**DATA**
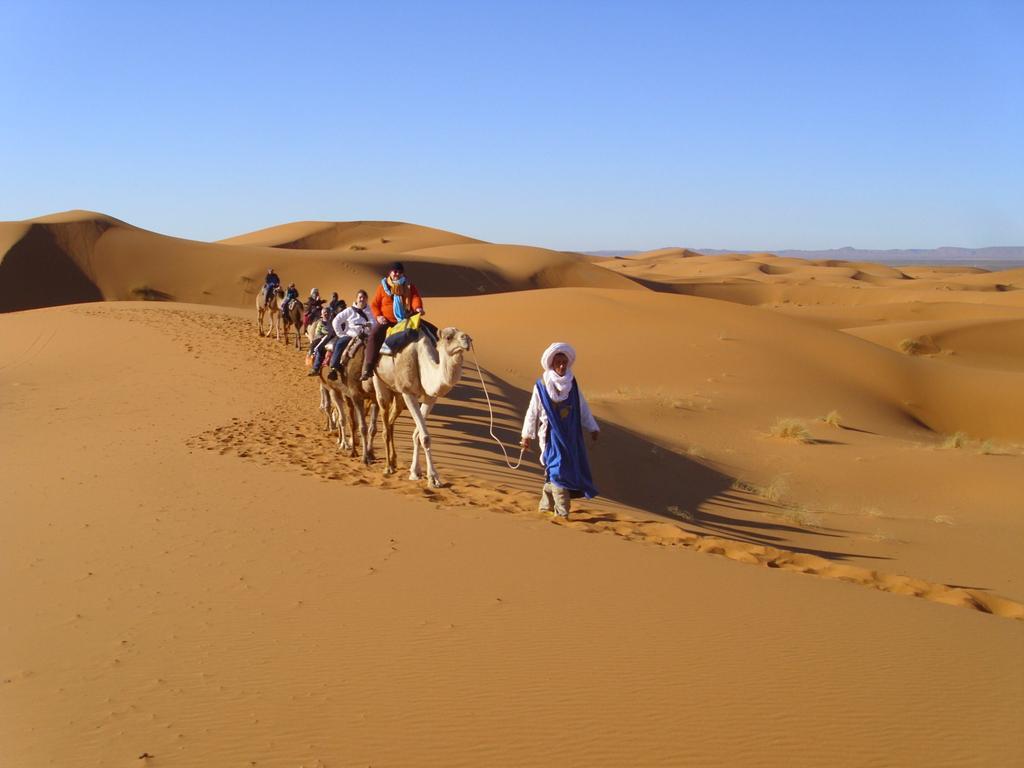 Erg Chebbi Starlight Camp Hotel Merzouga Luaran gambar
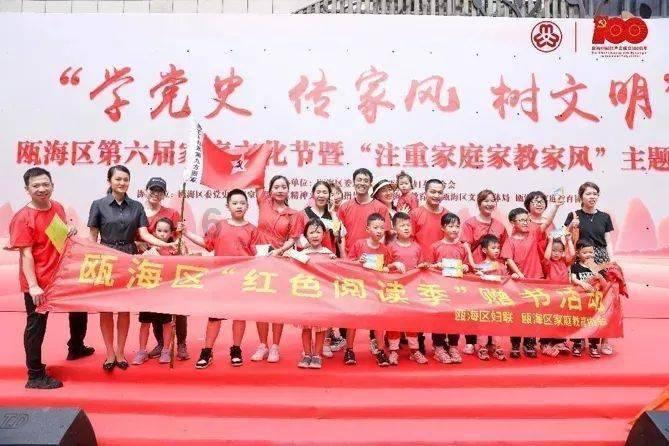 奥利维亚收养猫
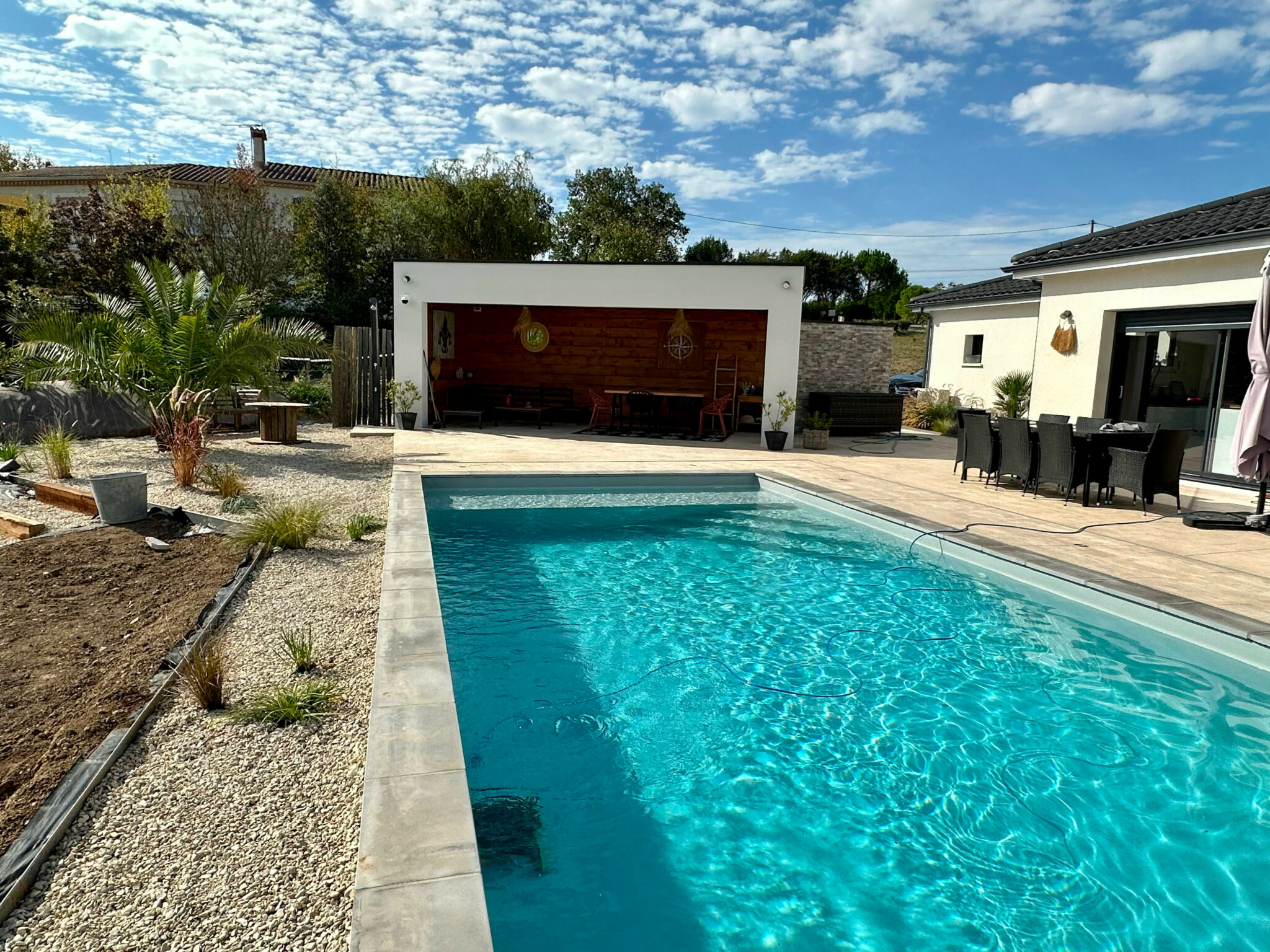 La piscine maçonnée de vos rêves dans le Tarn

**WHAT THIS TASK INVOLVES**
When a picture appears in the material, please pass over it while retyping the rest exactly.

**TASK ANSWER**
 Erg Chebbi Starlight Camp Hotel Merzouga Luaran gambar
 奥利维亚收养猫
 La piscine maçonnée de vos rêves dans le Tarn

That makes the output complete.